= Instructions to follow =
Please copy, exactly as they appear below, the lines from the one containing "Сексуальная девица позирует" through the one containing "Caldwell House |".

= Provided records =

·····

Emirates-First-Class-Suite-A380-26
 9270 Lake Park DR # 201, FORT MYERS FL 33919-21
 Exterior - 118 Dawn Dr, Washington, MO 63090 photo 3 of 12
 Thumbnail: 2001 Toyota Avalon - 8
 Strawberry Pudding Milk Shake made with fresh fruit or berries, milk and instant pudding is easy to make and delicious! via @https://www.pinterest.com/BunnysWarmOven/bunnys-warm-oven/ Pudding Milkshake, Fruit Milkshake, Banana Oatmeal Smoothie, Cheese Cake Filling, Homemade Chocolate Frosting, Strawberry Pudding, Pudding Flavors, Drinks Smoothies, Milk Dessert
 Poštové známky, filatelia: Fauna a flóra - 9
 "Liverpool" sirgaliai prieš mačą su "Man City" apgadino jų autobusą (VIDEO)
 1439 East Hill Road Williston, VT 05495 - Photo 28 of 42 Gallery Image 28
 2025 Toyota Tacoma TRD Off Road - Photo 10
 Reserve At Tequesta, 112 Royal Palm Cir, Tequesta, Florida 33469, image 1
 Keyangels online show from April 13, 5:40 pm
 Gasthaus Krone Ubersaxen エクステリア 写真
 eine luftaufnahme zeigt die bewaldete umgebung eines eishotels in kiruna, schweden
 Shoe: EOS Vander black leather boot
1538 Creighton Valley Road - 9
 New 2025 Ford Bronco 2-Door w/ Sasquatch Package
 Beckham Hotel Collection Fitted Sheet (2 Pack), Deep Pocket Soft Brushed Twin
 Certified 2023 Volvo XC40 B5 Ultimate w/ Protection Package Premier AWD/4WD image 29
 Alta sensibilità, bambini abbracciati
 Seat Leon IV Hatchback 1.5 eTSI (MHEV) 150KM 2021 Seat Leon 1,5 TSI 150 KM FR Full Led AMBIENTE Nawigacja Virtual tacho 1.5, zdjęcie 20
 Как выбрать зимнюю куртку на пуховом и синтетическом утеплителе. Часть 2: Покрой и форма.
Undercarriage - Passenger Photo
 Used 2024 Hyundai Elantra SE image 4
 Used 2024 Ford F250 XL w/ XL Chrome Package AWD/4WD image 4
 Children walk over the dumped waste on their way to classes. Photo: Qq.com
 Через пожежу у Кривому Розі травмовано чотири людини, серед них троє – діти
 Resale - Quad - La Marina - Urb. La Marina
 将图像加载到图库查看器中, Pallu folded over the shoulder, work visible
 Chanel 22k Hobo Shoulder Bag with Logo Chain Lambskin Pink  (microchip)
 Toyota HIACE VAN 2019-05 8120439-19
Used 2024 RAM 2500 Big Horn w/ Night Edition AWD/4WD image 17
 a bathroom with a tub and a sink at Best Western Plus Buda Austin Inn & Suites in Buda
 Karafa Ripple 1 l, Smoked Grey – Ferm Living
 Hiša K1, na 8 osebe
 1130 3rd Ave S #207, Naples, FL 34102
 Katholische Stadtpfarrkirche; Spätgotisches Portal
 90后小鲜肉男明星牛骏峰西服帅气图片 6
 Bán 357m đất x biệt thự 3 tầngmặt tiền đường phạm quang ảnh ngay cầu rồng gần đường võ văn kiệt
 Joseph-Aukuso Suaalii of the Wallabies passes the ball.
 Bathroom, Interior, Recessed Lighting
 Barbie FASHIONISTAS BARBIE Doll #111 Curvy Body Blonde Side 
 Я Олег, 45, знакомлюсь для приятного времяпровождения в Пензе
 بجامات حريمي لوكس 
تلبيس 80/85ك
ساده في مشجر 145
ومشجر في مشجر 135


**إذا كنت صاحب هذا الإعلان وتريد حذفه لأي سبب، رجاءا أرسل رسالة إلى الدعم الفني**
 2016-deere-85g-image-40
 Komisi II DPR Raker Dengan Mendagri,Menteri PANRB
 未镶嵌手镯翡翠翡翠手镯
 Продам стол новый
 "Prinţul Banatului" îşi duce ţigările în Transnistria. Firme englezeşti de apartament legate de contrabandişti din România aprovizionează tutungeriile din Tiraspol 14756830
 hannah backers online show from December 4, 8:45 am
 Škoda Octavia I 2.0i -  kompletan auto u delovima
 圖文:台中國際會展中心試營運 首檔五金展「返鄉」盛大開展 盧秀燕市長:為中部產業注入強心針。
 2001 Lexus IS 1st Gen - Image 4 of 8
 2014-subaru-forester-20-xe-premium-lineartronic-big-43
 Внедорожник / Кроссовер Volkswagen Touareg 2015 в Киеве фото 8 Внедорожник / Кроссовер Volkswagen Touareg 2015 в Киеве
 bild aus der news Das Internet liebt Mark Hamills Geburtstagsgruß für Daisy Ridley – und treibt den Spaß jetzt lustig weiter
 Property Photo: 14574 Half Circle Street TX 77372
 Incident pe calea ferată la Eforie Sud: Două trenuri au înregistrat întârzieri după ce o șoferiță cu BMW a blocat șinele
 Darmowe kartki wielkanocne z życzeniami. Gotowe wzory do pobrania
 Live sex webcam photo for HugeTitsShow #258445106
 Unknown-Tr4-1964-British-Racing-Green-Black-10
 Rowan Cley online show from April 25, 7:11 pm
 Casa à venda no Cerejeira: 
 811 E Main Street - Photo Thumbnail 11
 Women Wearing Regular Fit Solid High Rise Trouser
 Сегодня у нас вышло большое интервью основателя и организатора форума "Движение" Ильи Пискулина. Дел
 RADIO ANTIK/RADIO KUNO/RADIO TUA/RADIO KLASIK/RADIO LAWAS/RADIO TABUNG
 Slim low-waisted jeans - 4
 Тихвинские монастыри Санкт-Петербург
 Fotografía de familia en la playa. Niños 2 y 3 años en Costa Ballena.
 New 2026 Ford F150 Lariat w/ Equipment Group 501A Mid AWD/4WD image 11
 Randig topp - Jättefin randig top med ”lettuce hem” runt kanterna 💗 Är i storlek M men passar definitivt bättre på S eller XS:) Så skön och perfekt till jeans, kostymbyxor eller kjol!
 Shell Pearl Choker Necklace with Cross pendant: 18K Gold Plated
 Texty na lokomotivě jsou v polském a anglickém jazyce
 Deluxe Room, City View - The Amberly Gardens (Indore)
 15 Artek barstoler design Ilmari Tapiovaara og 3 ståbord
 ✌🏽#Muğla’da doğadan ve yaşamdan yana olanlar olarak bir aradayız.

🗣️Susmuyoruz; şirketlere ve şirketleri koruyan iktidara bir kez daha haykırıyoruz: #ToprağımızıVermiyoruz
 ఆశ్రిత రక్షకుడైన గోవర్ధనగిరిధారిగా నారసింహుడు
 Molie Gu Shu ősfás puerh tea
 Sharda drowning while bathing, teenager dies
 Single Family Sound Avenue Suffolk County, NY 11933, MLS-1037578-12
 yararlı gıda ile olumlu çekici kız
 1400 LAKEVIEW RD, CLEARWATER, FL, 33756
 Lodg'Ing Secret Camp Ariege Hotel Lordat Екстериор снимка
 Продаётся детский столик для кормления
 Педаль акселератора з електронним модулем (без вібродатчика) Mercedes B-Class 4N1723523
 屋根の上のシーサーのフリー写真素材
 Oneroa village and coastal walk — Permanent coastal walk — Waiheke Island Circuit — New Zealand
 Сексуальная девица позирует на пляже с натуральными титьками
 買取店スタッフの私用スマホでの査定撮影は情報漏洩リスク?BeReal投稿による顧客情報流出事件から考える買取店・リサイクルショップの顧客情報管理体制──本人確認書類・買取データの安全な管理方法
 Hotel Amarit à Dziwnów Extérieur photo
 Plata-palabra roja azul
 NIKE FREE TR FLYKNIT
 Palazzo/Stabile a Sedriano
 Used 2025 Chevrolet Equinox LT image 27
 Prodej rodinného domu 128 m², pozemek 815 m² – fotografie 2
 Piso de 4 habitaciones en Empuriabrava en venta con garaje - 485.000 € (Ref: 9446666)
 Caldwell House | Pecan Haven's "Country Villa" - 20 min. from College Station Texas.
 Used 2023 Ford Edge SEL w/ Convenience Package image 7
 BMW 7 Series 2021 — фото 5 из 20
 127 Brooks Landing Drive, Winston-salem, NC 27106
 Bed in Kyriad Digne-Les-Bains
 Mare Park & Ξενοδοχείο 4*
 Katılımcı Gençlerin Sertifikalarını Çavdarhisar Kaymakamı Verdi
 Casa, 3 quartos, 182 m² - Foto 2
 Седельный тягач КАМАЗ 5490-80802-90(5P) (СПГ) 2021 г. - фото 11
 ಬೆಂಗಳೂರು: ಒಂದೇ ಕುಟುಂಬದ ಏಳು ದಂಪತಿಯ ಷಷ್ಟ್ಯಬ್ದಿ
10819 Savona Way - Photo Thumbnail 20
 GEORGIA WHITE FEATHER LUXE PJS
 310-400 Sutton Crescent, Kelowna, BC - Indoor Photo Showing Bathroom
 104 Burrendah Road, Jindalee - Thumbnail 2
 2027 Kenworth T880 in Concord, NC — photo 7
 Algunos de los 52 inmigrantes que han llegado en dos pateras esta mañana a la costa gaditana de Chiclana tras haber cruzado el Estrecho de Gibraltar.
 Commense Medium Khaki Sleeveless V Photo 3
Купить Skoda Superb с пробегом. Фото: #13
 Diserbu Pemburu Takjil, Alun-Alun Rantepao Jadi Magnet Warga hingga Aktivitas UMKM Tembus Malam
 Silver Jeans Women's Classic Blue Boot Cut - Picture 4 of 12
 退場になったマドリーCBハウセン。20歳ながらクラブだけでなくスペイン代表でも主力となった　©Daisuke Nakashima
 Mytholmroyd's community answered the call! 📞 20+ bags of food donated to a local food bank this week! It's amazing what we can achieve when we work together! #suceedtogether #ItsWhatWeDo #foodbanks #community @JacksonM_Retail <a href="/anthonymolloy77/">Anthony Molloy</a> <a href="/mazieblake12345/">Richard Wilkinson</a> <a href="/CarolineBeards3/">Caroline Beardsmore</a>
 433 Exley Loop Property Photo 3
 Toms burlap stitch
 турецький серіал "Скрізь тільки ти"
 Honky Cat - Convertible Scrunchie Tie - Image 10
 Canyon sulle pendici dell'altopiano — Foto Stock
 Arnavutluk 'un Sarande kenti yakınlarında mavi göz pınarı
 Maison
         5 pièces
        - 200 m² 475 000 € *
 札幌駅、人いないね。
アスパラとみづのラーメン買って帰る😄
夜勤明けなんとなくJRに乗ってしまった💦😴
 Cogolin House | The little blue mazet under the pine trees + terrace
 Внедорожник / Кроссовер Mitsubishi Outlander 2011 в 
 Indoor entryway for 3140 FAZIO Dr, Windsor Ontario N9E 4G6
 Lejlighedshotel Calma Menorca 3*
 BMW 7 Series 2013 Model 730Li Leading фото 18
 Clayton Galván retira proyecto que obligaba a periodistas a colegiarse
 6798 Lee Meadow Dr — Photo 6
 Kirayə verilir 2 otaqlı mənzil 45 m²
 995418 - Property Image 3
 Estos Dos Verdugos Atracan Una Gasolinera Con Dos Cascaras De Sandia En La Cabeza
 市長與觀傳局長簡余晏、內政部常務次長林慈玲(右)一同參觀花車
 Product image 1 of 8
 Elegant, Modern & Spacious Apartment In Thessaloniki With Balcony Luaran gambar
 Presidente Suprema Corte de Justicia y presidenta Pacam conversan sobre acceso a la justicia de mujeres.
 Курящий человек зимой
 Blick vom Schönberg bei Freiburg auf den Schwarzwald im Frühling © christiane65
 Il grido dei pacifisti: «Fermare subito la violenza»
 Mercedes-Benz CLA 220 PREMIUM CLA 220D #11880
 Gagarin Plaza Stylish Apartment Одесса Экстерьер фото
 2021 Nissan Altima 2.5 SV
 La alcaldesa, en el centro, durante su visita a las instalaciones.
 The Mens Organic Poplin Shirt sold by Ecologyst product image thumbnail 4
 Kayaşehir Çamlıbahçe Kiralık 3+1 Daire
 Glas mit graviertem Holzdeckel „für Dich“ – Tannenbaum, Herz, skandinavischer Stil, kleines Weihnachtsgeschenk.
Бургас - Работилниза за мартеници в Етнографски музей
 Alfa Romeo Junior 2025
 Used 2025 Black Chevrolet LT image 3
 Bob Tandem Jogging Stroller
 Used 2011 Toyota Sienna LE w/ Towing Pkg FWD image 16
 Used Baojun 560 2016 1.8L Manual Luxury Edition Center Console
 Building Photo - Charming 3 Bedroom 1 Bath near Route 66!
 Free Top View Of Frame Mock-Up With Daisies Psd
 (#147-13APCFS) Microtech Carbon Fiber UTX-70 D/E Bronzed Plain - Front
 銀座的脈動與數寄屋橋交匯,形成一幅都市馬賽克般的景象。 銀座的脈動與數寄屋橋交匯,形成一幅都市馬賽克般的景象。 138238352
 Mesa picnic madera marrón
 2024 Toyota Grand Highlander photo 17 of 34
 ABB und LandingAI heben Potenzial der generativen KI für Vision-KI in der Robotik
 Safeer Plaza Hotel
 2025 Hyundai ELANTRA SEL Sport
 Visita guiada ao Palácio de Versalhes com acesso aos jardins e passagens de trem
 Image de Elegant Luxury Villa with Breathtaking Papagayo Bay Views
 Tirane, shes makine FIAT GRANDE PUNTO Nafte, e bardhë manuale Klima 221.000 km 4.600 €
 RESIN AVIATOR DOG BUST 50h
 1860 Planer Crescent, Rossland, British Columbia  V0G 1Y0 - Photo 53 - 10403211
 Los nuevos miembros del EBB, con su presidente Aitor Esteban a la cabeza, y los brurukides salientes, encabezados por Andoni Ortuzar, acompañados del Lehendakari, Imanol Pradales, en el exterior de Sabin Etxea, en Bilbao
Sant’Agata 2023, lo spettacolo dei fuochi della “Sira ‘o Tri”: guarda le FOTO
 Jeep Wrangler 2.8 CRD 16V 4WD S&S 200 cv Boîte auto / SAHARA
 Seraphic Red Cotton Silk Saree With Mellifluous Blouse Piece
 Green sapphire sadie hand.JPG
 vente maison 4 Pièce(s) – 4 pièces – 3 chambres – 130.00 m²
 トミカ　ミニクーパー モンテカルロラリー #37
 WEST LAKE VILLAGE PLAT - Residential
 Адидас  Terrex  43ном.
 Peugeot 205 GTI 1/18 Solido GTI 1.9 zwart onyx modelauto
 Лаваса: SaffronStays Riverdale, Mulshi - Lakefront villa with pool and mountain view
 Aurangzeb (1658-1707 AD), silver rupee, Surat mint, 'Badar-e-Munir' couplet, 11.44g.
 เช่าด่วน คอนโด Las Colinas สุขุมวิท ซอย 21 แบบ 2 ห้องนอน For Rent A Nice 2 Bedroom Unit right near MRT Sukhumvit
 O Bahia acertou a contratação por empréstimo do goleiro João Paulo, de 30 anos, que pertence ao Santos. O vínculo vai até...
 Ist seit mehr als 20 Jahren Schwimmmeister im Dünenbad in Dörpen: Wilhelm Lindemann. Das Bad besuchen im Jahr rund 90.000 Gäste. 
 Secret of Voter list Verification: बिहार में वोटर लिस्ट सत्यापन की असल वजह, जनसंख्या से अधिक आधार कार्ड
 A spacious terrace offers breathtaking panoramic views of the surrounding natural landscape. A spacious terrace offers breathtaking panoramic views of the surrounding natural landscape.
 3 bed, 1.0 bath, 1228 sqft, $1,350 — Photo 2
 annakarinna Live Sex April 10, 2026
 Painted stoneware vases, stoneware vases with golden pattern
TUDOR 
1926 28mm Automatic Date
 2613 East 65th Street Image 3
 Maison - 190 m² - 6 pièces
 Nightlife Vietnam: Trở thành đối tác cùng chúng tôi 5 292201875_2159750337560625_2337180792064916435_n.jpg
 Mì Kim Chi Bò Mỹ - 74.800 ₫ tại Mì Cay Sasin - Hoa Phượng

·····

= Result =
 Сексуальная девица позирует на пляже с натуральными титьками
 買取店スタッフの私用スマホでの査定撮影は情報漏洩リスク?BeReal投稿による顧客情報流出事件から考える買取店・リサイクルショップの顧客情報管理体制──本人確認書類・買取データの安全な管理方法
 Hotel Amarit à Dziwnów Extérieur photo
 Plata-palabra roja azul
 NIKE FREE TR FLYKNIT
 Palazzo/Stabile a Sedriano
 Used 2025 Chevrolet Equinox LT image 27
 Prodej rodinného domu 128 m², pozemek 815 m² – fotografie 2
 Piso de 4 habitaciones en Empuriabrava en venta con garaje - 485.000 € (Ref: 9446666)
 Caldwell House | Pecan Haven's "Country Villa" - 20 min. from College Station Texas.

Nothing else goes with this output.